Captioned web images
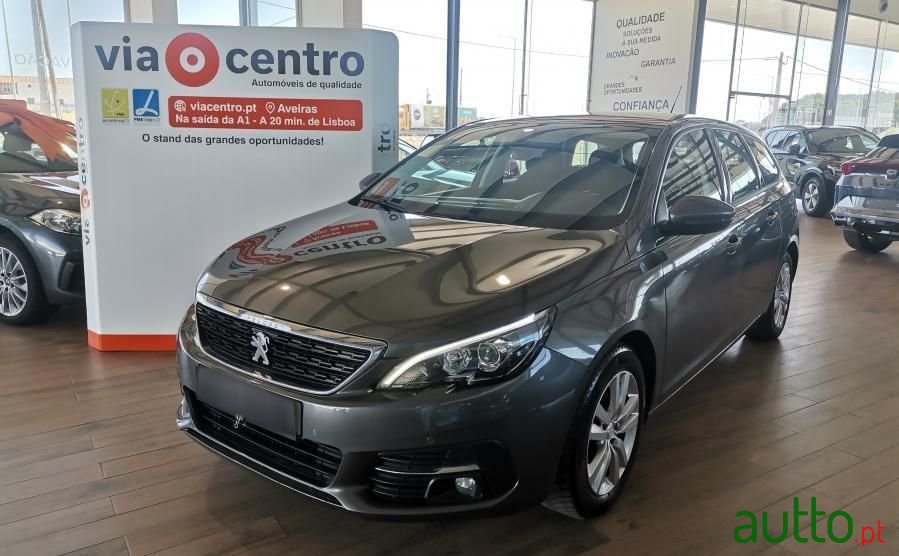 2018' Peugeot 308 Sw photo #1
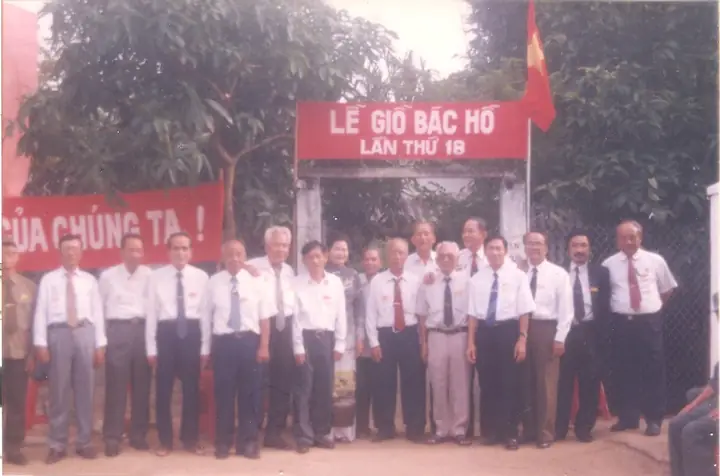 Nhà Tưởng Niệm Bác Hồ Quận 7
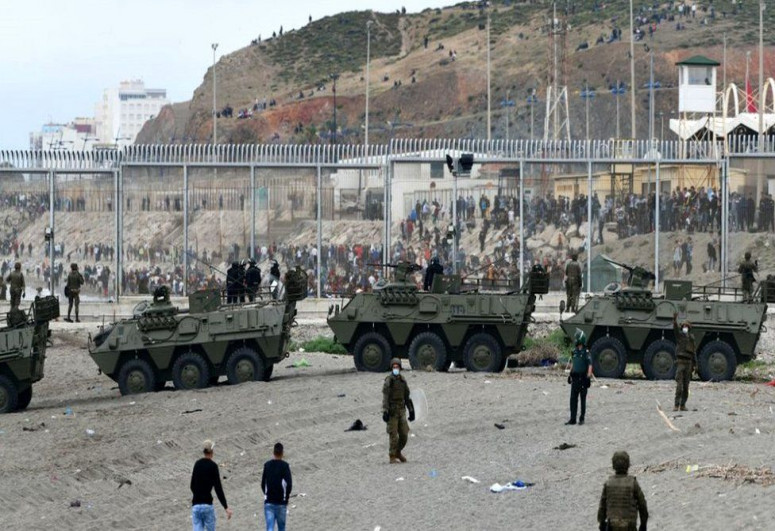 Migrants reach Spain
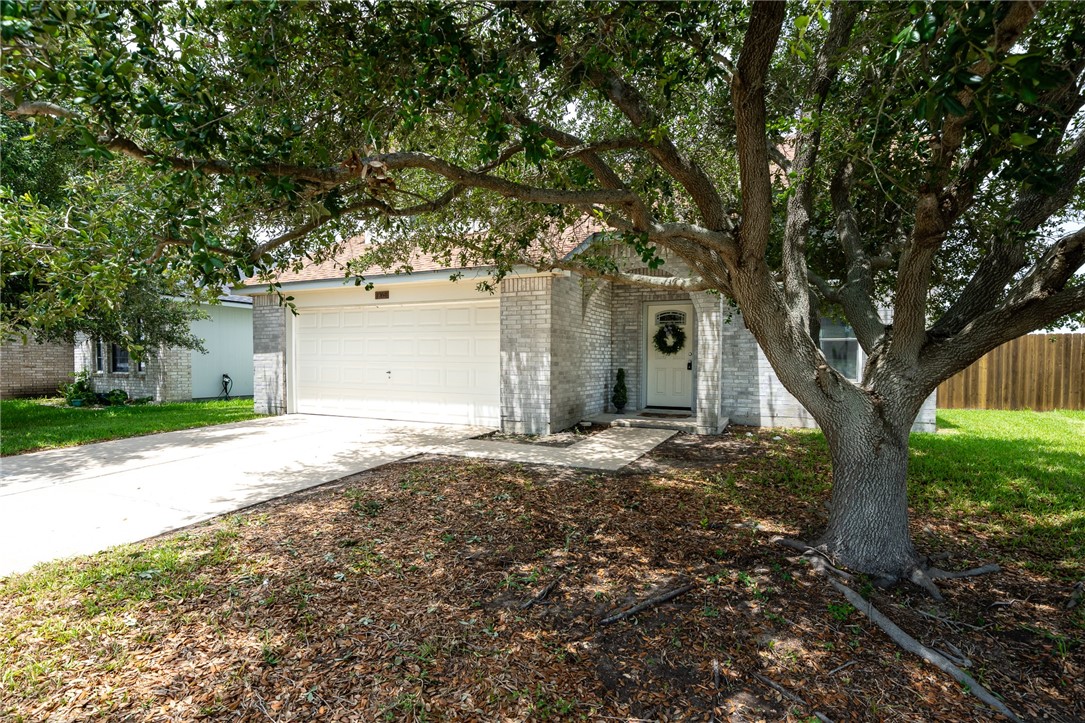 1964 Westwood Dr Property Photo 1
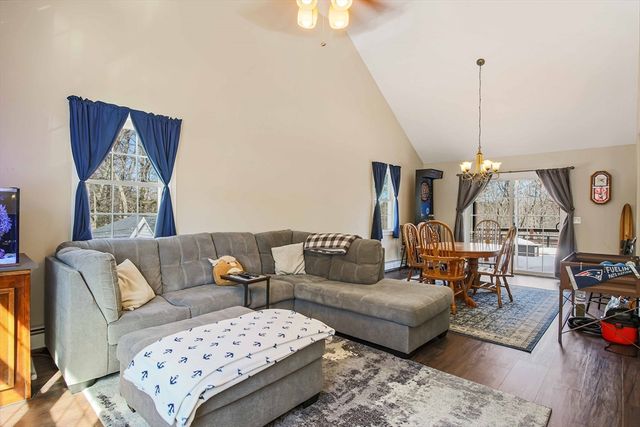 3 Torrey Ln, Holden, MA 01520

**Work instructions**
What is needed is every entry above, repeated exactly, with the pictures dropped.

**Exercise answer**
 2018' Peugeot 308 Sw photo #1
 Nhà Tưởng Niệm Bác Hồ Quận 7
 Migrants reach Spain
 1964 Westwood Dr Property Photo 1
 3 Torrey Ln, Holden, MA 01520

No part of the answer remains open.